Problem to solve —
In the records below, find the line with "Pleated Plaid Skirt" and repeat exactly every line from it through the line with "David Yurman Authentic". Pictures stay out.

Provided records —

--- START ---

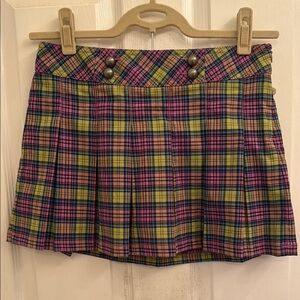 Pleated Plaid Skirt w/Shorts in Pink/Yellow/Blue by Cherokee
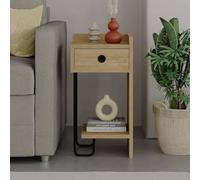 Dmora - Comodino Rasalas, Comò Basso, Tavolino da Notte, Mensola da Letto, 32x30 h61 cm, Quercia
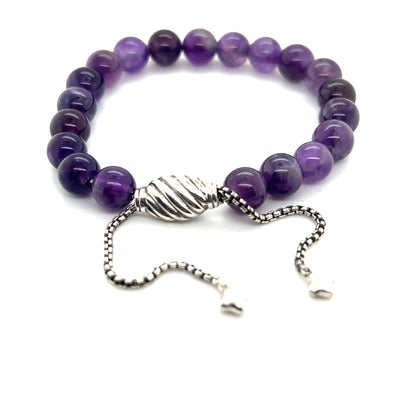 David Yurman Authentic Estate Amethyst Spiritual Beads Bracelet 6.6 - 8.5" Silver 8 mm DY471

--- END ---
--- START ---

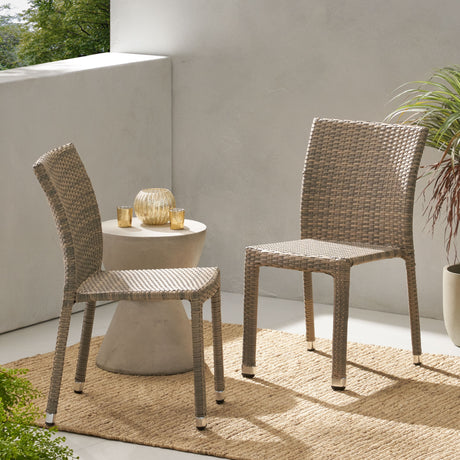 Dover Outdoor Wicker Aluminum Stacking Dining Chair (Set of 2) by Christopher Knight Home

--- END ---
--- START ---

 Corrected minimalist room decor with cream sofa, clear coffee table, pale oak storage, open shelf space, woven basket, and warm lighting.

--- END ---

Written reply —
 Pleated Plaid Skirt w/Shorts in Pink/Yellow/Blue by Cherokee
 Dmora - Comodino Rasalas, Comò Basso, Tavolino da Notte, Mensola da Letto, 32x30 h61 cm, Quercia
 David Yurman Authentic Estate Amethyst Spiritual Beads Bracelet 6.6 - 8.5" Silver 8 mm DY471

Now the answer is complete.